To explore this possibility, the team trawled through a massive amount of previously collected data on proteasome-derived peptides. In doing so, they discovered that some of them had a similar sequence of amino acids (the building blocks that make up proteins) to known antimicrobial peptides.

“Before now, we knew nothing about the connection between proteasome products and the production of these peptides,” said study author Professor Yifat Merbl in a statement. “In light of our findings, we conducted an extensive series of experiments demonstrating that the proteasomes are key to this defense system.”

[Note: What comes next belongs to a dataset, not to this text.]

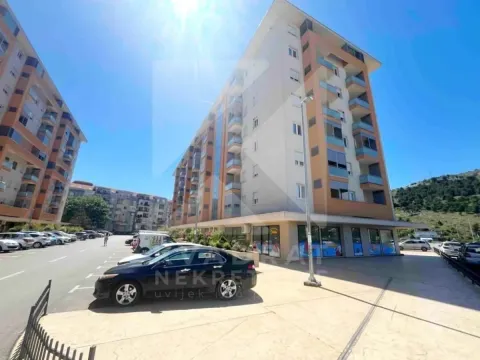 Izdavanje, jednosoban stan, 49m², City Kej, Podgorica - image 7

For example, they needed to show that it was indeed the proteasome responsible for producing these peptides. To do so, they used two groups of human cells; one had proteasomes inhibited; and in the others, the proteasomes were active as normal. When they infected these cells with bacteria, those with an inhibited proteasome couldn’t put up a fight against the infection.

In another experiment, the team put one of the proteasome-derived peptides to the test in mice with bacterial infections modeling pneumonia and sepsis. One group of these mice received the peptide, while a control group received either an antibiotic or a saline solution.

This test showed that not only was the peptide effective at controlling the bacterial infection in mice, but it also performed at a level on par with existing antibiotics.

The team’s investigation also showed that while the proteasome produces antimicrobial peptides routinely, it ramps up this activity when there’s a bacterial infection. The team even pinned down the exact part of the proteasome that controlled this “turbo mode”, as they put it.

“We saw that infection causes the proteasome to change its protein-cutting mode, ‘favoring’ the production of peptides with antibacterial properties,” said Merbl. “That was when we realized we had uncovered a previously unknown immune mechanism,” added project lead Karin Goldberg.

It’s hoped that their findings may have cracked open a whole new world of possibilities for antimicrobials; using simulations, they’ve already identified over 270,000 possible – and previously unknown – proteasome-derived peptides in the human spectrum of proteins alone.

“This peptide database opens a new frontier for developing personalized treatments against infections and other medical conditions,” Merbl concluded.

The study is published in the journal Nature.